Oops! Sorry...I was chasing rabbits and forgot my original train of thought.
ANYWAYS... So, yes. My belly was full and Maria's ego had been stroked...so all in all, it was a good day.
My game winning tip for your next meal...if you think it's going to freak out your guests, it probably will. Or, at least warn them if there is the potential for a staring match with the food. I'm just sayin...
Friday, April 9, 2010
Thursday, April 8, 2010
Well, week one of eight is in the books.
I knew that it wouldn't be an easy week and I knew that it wouldn't be a hand-holding cooking lesson that I experienced at school, but I didn't think it would be as difficult as it was.
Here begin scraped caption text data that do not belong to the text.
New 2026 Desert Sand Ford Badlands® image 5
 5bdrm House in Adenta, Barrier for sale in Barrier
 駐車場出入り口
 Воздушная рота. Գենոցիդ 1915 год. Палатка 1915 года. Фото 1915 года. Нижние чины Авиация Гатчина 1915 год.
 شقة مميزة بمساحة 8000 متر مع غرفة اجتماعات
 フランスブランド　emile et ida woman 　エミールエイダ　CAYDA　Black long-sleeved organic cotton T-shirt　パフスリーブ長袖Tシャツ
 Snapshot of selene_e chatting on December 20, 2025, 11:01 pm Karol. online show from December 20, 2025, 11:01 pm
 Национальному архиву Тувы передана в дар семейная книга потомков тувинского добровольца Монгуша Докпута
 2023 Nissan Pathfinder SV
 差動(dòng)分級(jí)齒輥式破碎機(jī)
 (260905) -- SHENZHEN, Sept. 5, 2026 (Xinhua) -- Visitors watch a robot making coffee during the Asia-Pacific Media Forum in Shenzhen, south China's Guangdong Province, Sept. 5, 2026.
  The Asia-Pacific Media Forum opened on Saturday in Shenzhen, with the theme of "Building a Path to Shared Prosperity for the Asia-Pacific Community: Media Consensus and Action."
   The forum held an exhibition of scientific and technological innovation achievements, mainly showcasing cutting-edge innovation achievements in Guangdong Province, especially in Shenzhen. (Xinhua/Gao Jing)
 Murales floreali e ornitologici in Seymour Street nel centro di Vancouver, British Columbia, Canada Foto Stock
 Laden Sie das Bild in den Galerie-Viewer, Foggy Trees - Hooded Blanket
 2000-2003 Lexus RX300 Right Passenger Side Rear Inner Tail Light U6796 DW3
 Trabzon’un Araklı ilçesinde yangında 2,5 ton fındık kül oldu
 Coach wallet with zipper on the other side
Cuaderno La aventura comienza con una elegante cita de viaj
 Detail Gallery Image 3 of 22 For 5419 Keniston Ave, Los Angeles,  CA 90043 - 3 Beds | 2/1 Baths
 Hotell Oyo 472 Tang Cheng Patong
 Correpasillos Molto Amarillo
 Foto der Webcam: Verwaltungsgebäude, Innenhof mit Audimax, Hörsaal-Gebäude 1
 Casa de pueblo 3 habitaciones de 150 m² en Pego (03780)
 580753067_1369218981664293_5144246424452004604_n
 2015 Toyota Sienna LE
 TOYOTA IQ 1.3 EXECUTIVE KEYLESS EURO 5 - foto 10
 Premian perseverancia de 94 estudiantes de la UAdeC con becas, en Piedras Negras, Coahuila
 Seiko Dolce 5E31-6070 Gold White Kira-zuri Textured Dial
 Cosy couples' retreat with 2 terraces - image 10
The first 2 days were spent shadowing some of the guys in the kitchen. Being that I have never been in a commercial kitchen until this week, I was not prepared for the speed and multi-tasking skills necessary to get the plates out. I knew I would be behind on the learning curve, but I didn't think that I would be so far behind the learning curve that I wouldn't be able to see it. My task this week, as well as the next two weeks, is the saute station. This includes expediting (reading the tickets off to the other stations) making the sauces necessary for my dishes, prepping the ingredients, pan-frying crab cakes and salmon, sauteing calamari, making spinach salads, preparing mussels, making stocks and soups, and whatever else Chef Philippe deems necessary. Monday thru Thursday were "teaching days" and Friday was my first "solo" performance.
I've been yelled at before but never in 3 languages. Chef Philippe (the executive chef) will start out his rant in English then switch to French then the sous chef will carry on the chef's rant in Spanish. You've heard of the people that tear you down to build you back up, right. Well, I would consider myself to be very much in the "tearing down" phase and I'm not sure if or when the "building" phase will begin. Apparently, I am on a need to know basis and at this point, I don't need to know.
I don't think it is fair to say that I hate it. There are parts of the job that I enjoy (pulling out of the parking garage and driving home being my most favorite). Seriously, I am learning a ton of stuff and have a much better appreciation for the men and women in the culinary industry, but I don't think fine dining is where I want to be. To me, food is meant to be enjoyed, regardless if you are the person buying, preparing or eating it. At this point, I'm too worried about whether or not I have the right equipment, if I remember what ingredients go into which dish and if Chef is going to tear into me for using the extra virgin olive oil instead of the blended variety. Every time the printer starts humming and spits out the ticket for the next order, my stomach immediately seizes, and this feeling of panic and fear radiates through my body.
The guy that has been training me the last several days told me on Thursday that there was a bet going on with all the kitchen staff about how long they thought I would last. Apparently the smell of fear precedes me wherever I go. If for nothing other than proving everyone wrong, I'm determined to make it through November 9 come hell or high water.
That which doesn't kill you makes you stronger...the stench of death however is starting to become unbearable.